First solution it comes my mind is that on every loop to put in a buffer and finally to print all the buffers. I think there are some other ingenious methods

for(int i = 0; i < 4; i++){
        put in buffer1 rowNo[i]
        for(int j = 0; j < 4; j++){
            put in buffer2 rowNo[i],rowNo[j]
            for(int k = 0; k < 4; k++){
                 put in buffer3 rowNo[i],rowNo[j],rowNo[k]
                for(int l = 0; l < 4; l++){
                    put in buffer4 rowNo[i],rowNo[j],rowNo[k],rowNo[l],endl.
                }
            }
        }
    }
     print(buffer1);
     print(buffer2);
     print(buffer3);
     print(buffer4);

Also specific for your request you could generate the code and then build it. What you have to do is to make a program that write 'for' n times, then you build it. If you wish to try this approach tell me. — MSD561, Dec 02 '15 at 10:10

UmNyobe · Accepted Answer · 2015-12-02T10:46:20.243

You are actually trying to print a number encoded in base4 with digit {1, 2, 3, 4}. To achieve it, You only need to define a function to increment by one. I propose a generic solution in the term of amount of number to print and base. Like others, I use a number to mean "empty digit", and I use zero which is quite convenient.

Complete source code :

#include <iostream>
#include <vector>

bool increment_basep(std::vector<int>& number, int p)
{ 
    int i = 0; 
    while(i < number.size() && number[i] == p)
    { 
       number[i] = 1;
       ++i;
    }
    if(i >= number.size())
        return false;

    ++number[i];
    return true;
}

void print_vect(std::vector<int>& number)
{
   for(int i = number.size() -1 ; i >= 0; --i)
   {
       if(number[i] != 0)
          std::cout << number[i];
   }
   std::cout << std::endl;
}

int main() {
    int n = 4;
    int p = 4;
    std::vector<int> num4(n);
    std::fill(num4.begin(), num4.end(), 0);

    while(increment_basep(num4, p))
    {
        print_vect(num4);
    }
    return 0;
}

The increment return whether or not the computation has overflown. When we overflow we know we need to stop.

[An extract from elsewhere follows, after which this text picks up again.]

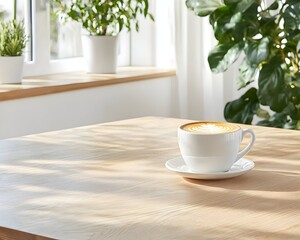 Sunlit latte art on light wood table near plants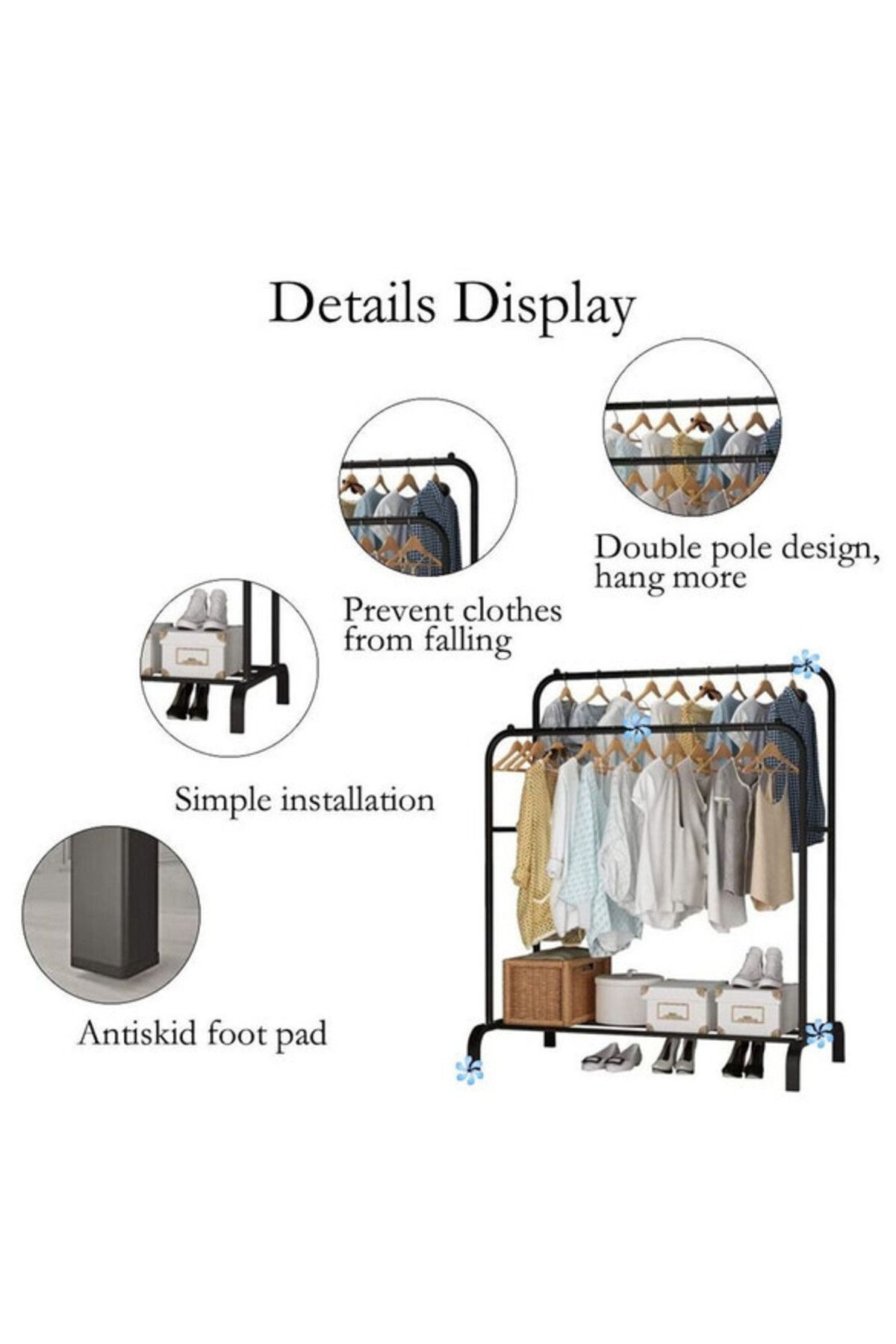COOYA-Black Double Rod Clothes Drying Rack,Indoor Garment Organizer with Shelves,High-Strength Metal Frame 2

score 0 · Answer 4 · answered Dec 02 '15 at 10:10

0

The following is the simplest code I came up with. There has to be a more direct way of doing this though...

It basically introduces a "ghost" index -1, corresponding to an empty place in a number. The ternary operators in the loops conditions are there to avoid duplicates.

int main()
{
    int N = 4;
    int rowNo[4] = {1, 2, 3, 4};

    for (int i = -1; i < N; i++)
        for (int j = (i > -1 ? 0 : -1); j < N; j++)
            for (int k = (j > -1 ? 0 : -1); k < N; k++)
                for (int l = (k > -1 ? 0 : -1); l < N; l++)
                {
                    if (i > -1) std::cout << rowNo[i] << '.';
                    if (j > -1) std::cout << rowNo[j] << '.';
                    if (k > -1) std::cout << rowNo[k] << '.';
                    if (l > -1) std::cout << rowNo[l];
                    std::cout << std::endl;
                }
}

It can of course be generalized to an array of arbitraty size, possibly with some code generation script.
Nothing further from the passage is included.